▶ EXERCISE GOAL: In the entries that follow, find the line containing "Green Women's 100%"; from there, copy every line exactly through the line containing "NFL Denver Broncos".

▶ DATA LISTING:
_ _ _

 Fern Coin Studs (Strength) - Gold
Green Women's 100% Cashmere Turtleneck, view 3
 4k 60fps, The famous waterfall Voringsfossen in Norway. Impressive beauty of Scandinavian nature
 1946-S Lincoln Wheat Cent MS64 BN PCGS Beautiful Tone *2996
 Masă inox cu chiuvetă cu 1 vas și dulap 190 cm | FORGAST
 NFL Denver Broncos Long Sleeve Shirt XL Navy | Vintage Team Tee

_ _ _

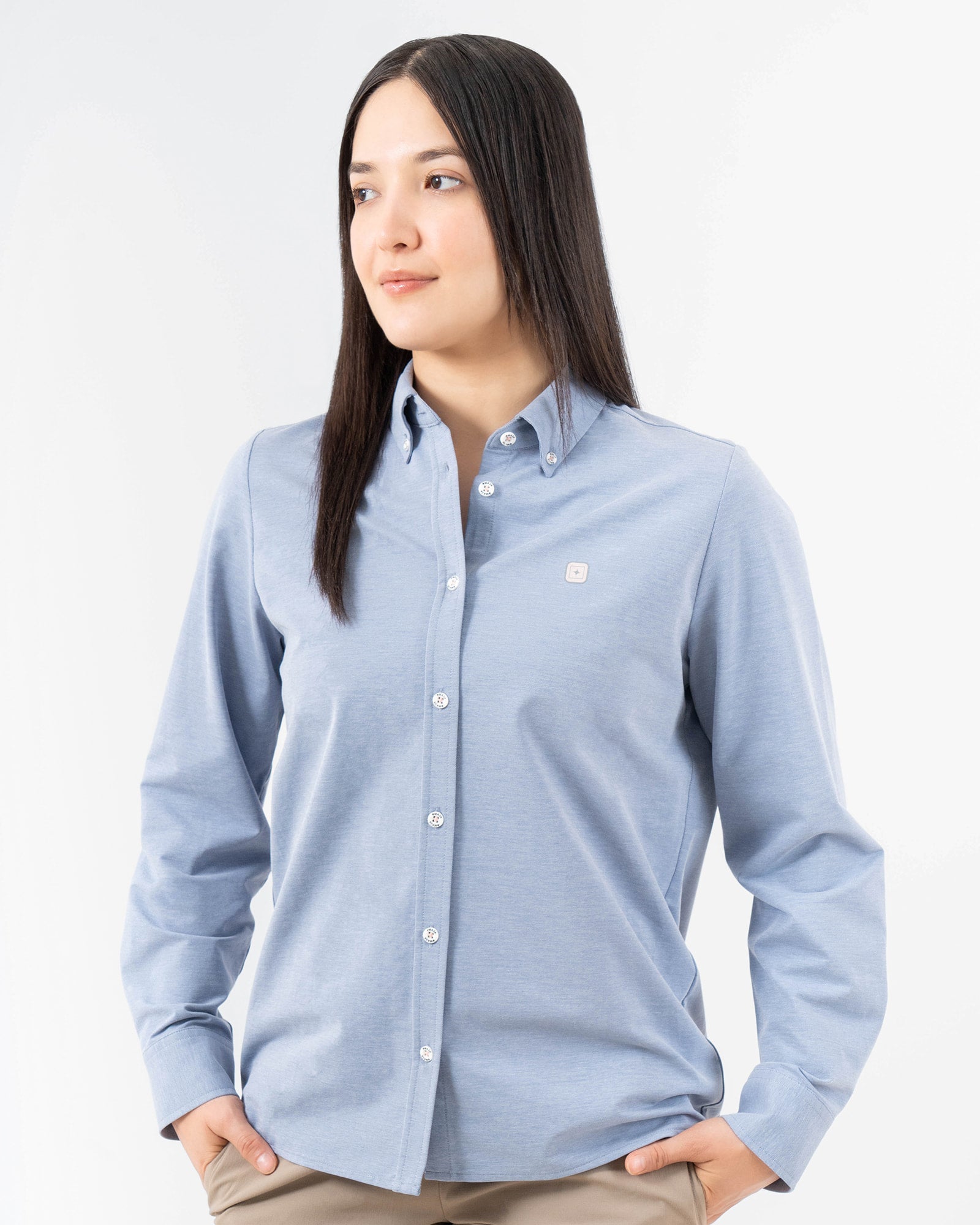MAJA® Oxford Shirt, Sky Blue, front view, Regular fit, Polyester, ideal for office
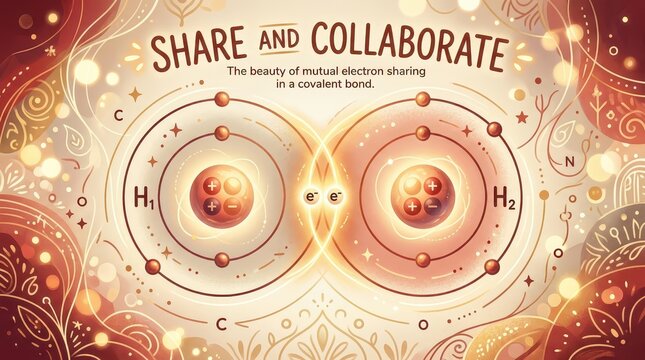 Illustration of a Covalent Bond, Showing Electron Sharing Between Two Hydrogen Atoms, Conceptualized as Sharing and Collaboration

_ _ _

▶ REPLY TO THE EXERCISE:
Green Women's 100% Cashmere Turtleneck, view 3
 4k 60fps, The famous waterfall Voringsfossen in Norway. Impressive beauty of Scandinavian nature
 1946-S Lincoln Wheat Cent MS64 BN PCGS Beautiful Tone *2996
 Masă inox cu chiuvetă cu 1 vas și dulap 190 cm | FORGAST
 NFL Denver Broncos Long Sleeve Shirt XL Navy | Vintage Team Tee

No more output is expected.